Я ехал и волновался. Мучила мысль: справлюсь ли с новой ответственной работой. Инсар куда меньше Пензы, а ведь и там не легко было, теперь же ответ придется держать за целую губернию. Как мне будет не хватать Сергея Сапунова!
Шел октябрь 1919 года. Со всех сторон наступал враг. Точно спрут, впивался он своими ядовитыми щупальцами в тело молодой Страны Советов, стремясь задушить ее. В это тревожное время я окончательно решил уйти на фронт. О своем намерении рассказал секретарю Пензенского губкома партии Галанину и председателю губисполкома Фридрихсону. [23]

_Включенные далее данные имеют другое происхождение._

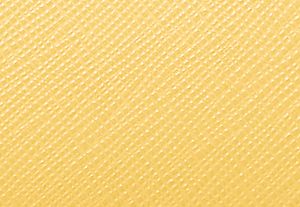 DAISY YELLOW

— Значит, Васильевич, Пенза тебе надоела?— спрашивал Галанин.
— Нет, Пенза мне по душе. Товарищи вы тоже хорошие. Поработав с вами почти десять месяцев, чувствую себя и крепче и опытнее. И все-таки прошу отпустить на фронт.
— Дезертируешь? А ты подумал, кто здесь за тебя будет работать?— кипятился Фрядрихсон.
— Ничего, найдете замену. Актива теперь хватает.
— Это верно, хорошего человека найти нетрудно, но ведь ему заново все осваивать придется. А ты вспомни, как сам привыкал. Легка ли финансовая работа?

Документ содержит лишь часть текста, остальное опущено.